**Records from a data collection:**

=== Section Start ===

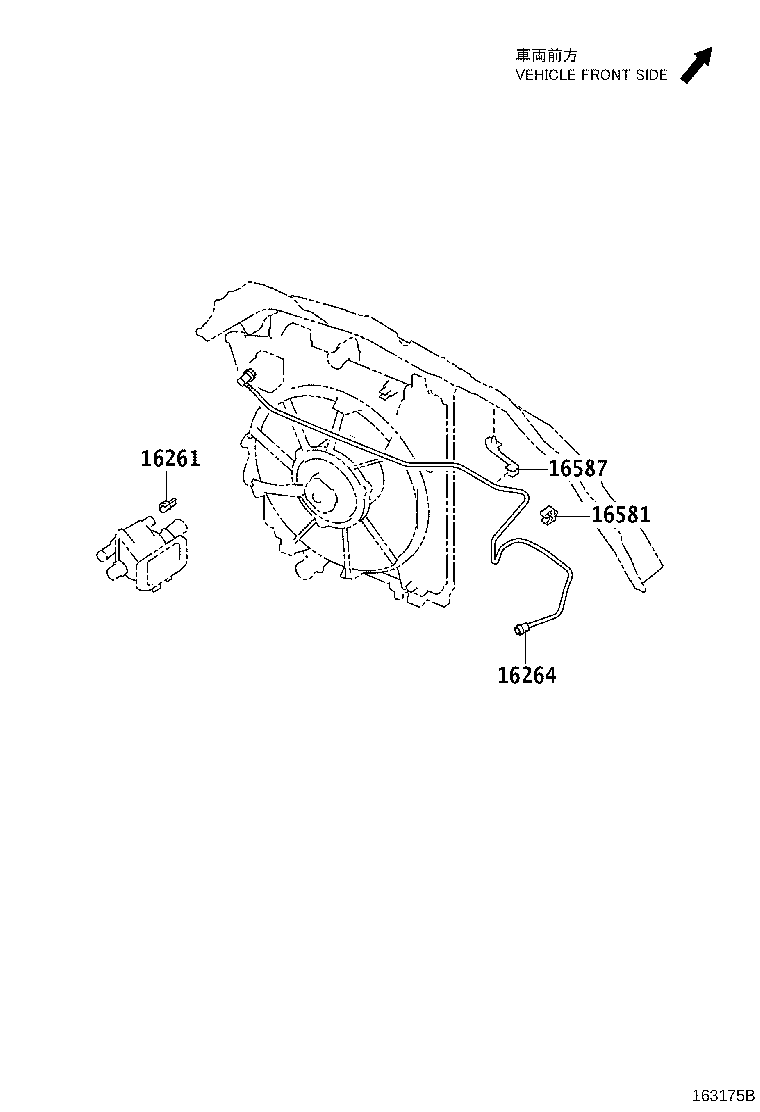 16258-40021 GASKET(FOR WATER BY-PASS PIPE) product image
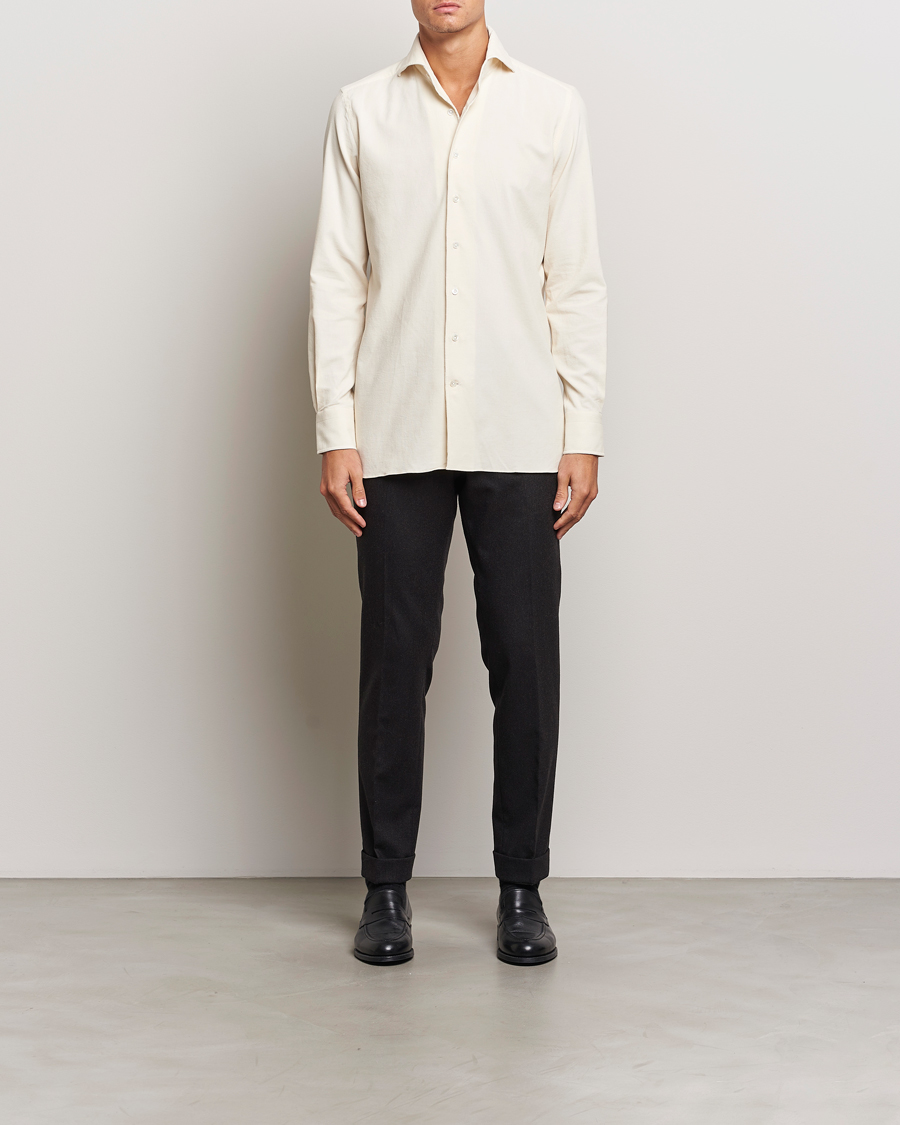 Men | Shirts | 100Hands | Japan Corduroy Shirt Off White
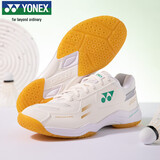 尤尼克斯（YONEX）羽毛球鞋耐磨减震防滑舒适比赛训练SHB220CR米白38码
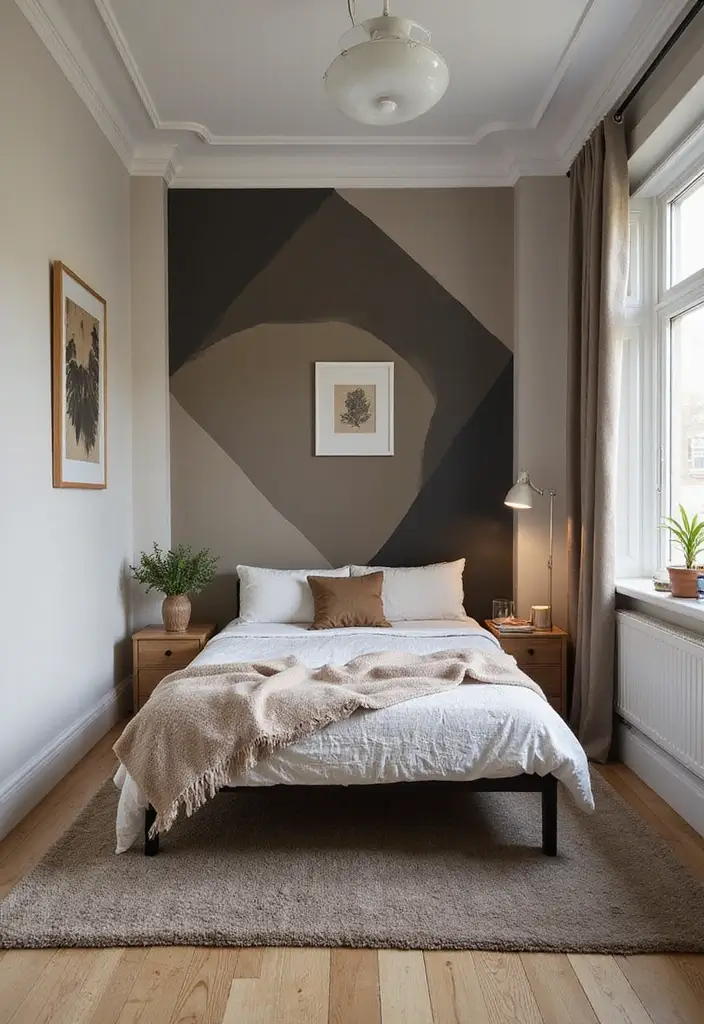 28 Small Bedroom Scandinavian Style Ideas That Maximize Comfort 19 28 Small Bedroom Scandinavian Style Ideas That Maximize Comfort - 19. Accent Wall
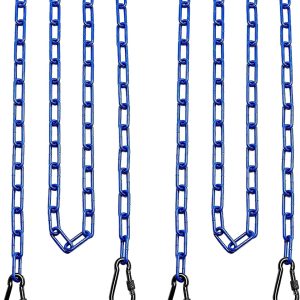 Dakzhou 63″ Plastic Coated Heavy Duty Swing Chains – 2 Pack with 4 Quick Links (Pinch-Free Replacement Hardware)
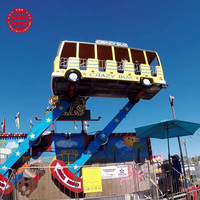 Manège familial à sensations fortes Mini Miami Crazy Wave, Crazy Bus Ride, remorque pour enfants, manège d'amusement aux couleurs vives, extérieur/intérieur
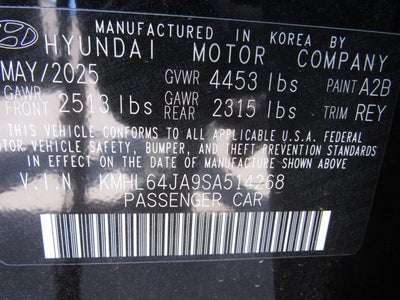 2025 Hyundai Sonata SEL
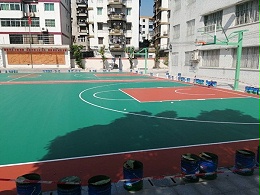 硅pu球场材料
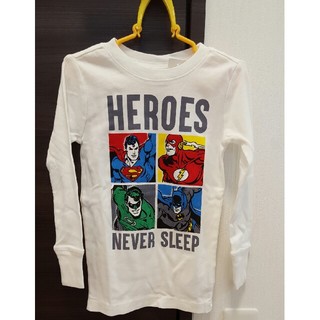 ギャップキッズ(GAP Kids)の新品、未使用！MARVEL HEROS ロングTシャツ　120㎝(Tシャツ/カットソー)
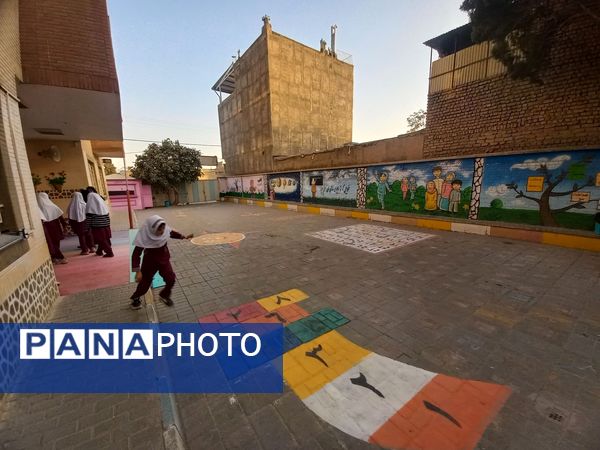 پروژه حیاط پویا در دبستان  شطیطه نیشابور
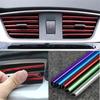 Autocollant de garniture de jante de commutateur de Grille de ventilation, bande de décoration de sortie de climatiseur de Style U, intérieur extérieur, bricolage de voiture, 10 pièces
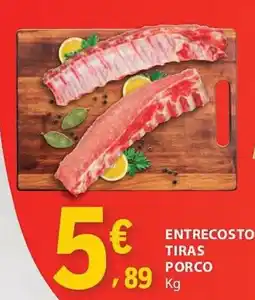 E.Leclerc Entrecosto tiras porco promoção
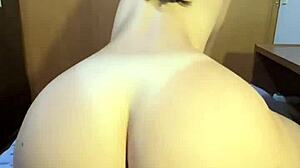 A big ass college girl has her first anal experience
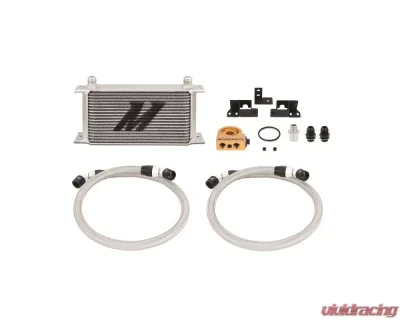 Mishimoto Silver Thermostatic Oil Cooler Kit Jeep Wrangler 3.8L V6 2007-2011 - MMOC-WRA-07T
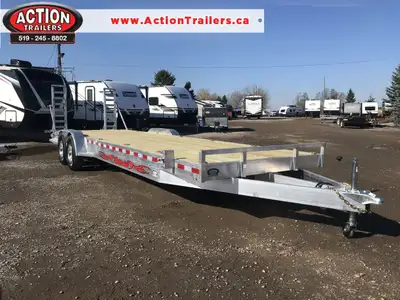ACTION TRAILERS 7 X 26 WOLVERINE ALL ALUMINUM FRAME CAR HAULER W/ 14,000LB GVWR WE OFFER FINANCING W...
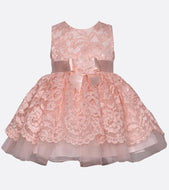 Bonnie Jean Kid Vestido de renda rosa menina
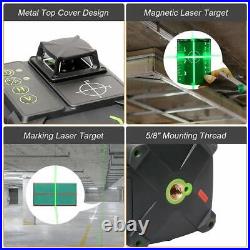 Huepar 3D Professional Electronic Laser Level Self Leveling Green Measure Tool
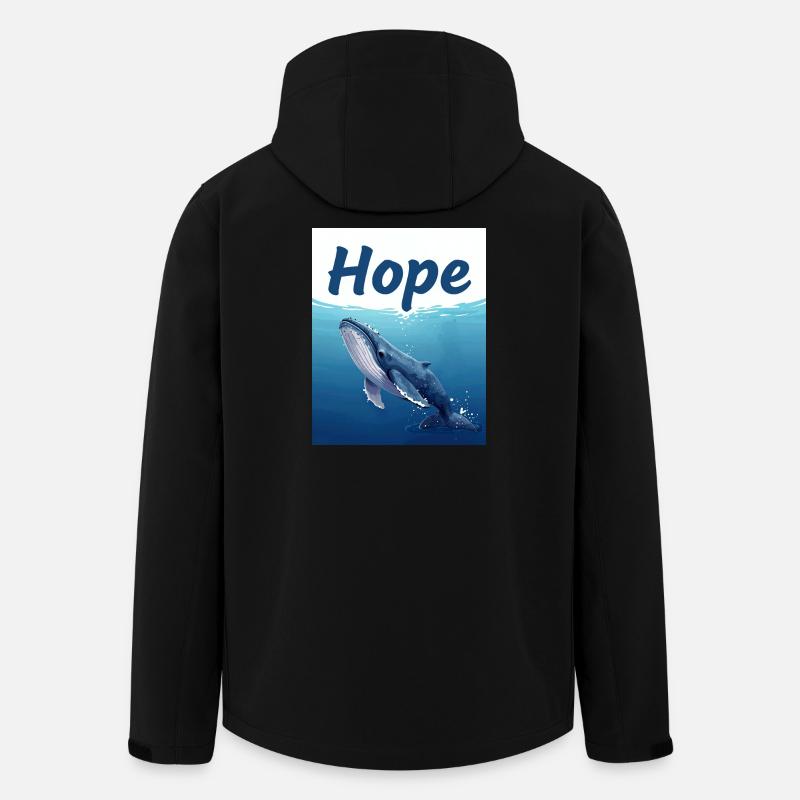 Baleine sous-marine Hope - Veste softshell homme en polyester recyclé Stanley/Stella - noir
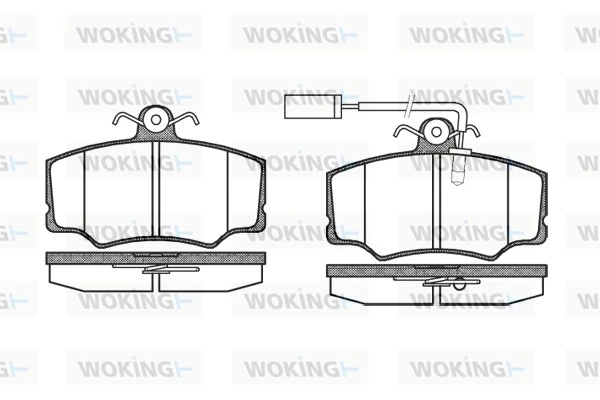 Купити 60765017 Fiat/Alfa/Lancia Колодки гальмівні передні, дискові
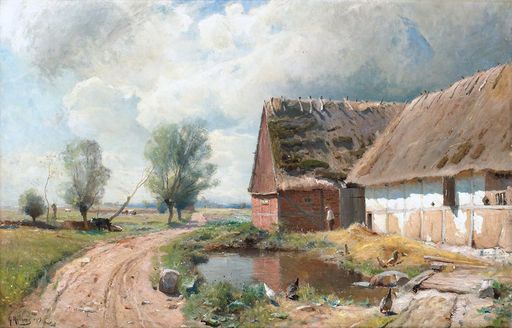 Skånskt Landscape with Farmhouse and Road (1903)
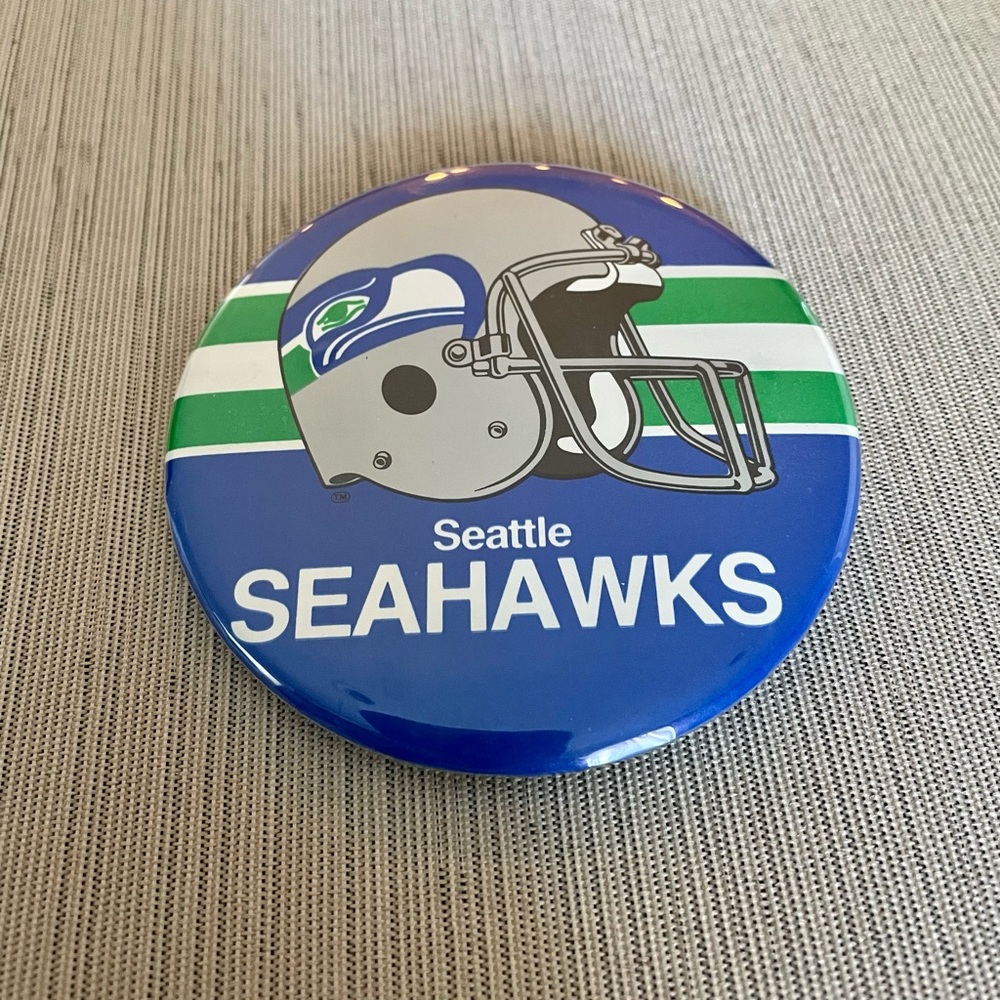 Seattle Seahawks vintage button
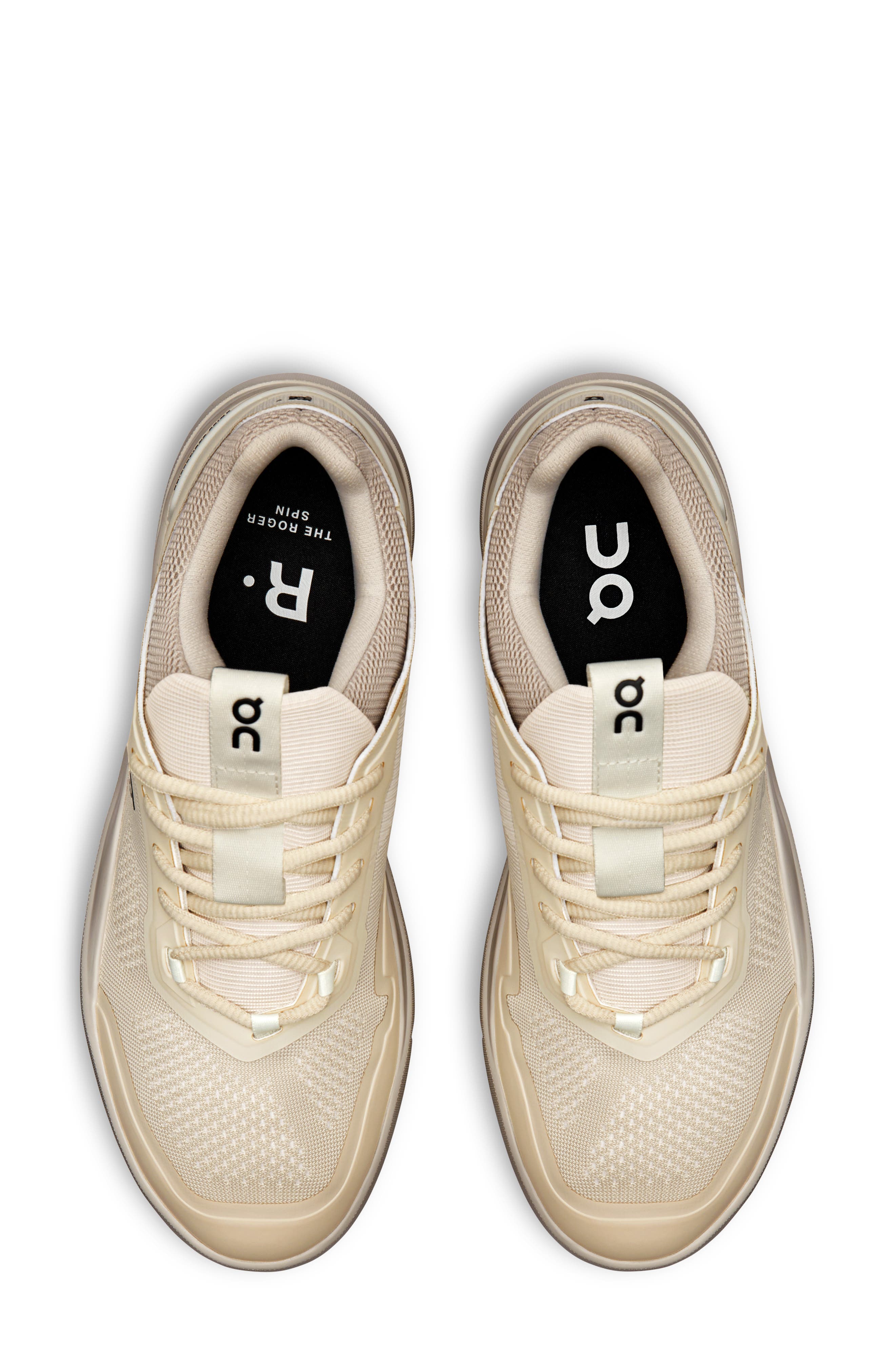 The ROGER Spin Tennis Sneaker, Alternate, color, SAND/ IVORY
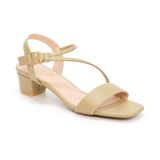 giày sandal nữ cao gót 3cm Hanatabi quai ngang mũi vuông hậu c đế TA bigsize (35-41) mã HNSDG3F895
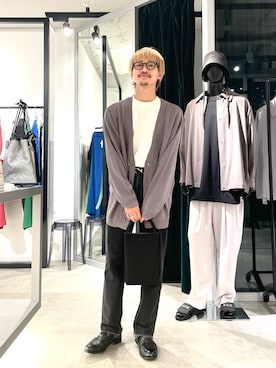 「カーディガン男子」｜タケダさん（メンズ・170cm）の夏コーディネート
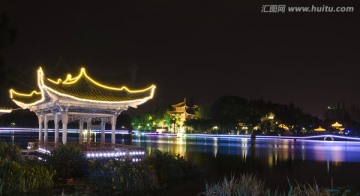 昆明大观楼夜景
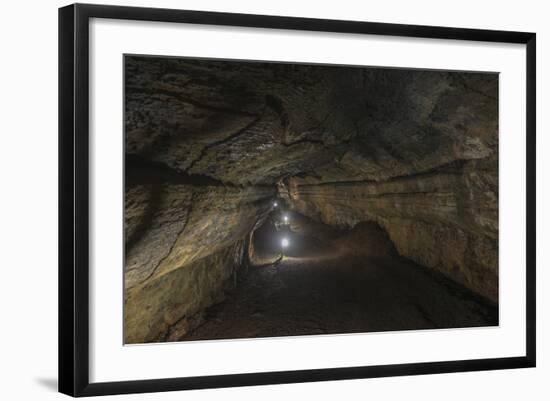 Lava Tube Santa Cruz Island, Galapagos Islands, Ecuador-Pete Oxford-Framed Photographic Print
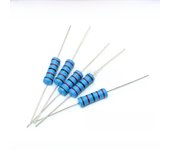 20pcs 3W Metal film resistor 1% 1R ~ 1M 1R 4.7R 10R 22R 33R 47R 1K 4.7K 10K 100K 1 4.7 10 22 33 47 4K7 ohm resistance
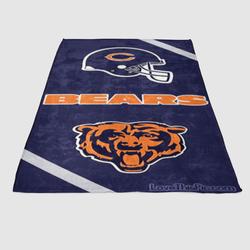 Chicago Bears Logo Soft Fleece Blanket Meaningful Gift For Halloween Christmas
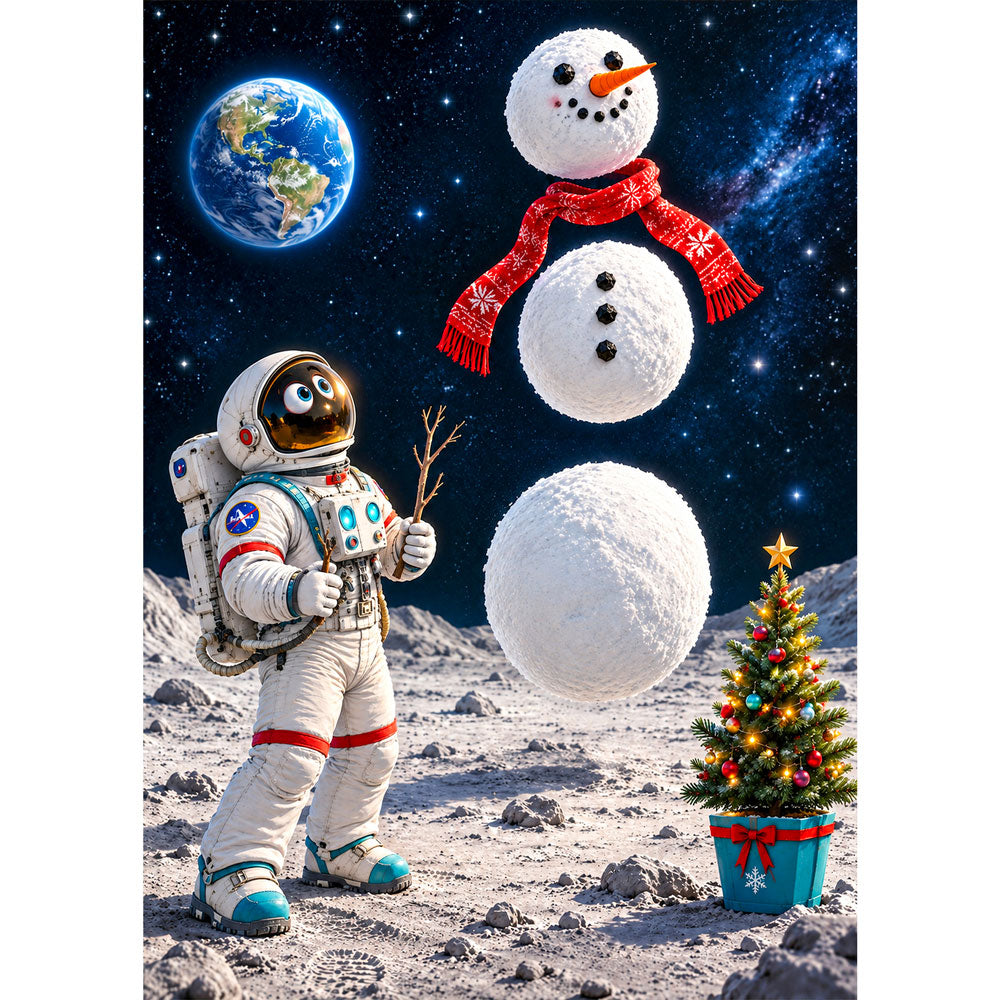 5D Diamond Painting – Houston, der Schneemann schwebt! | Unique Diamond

=== Section End ===

**Exercise requirements:**
Reproduce the lines above starting at the one with "Seattle Seahawks vintage button" and ending at the one with "Chicago Bears Logo", both included, exactly and with no pictures.

**Your solution:**
 Seattle Seahawks vintage button
 The ROGER Spin Tennis Sneaker, Alternate, color, SAND/ IVORY
 giày sandal nữ cao gót 3cm Hanatabi quai ngang mũi vuông hậu c đế TA bigsize (35-41) mã HNSDG3F895
 「カーディガン男子」｜タケダさん（メンズ・170cm）の夏コーディネート
 昆明大观楼夜景
 Lava Tube Santa Cruz Island, Galapagos Islands, Ecuador-Pete Oxford-Framed Photographic Print
 20pcs 3W Metal film resistor 1% 1R ~ 1M 1R 4.7R 10R 22R 33R 47R 1K 4.7K 10K 100K 1 4.7 10 22 33 47 4K7 ohm resistance
 Chicago Bears Logo Soft Fleece Blanket Meaningful Gift For Halloween Christmas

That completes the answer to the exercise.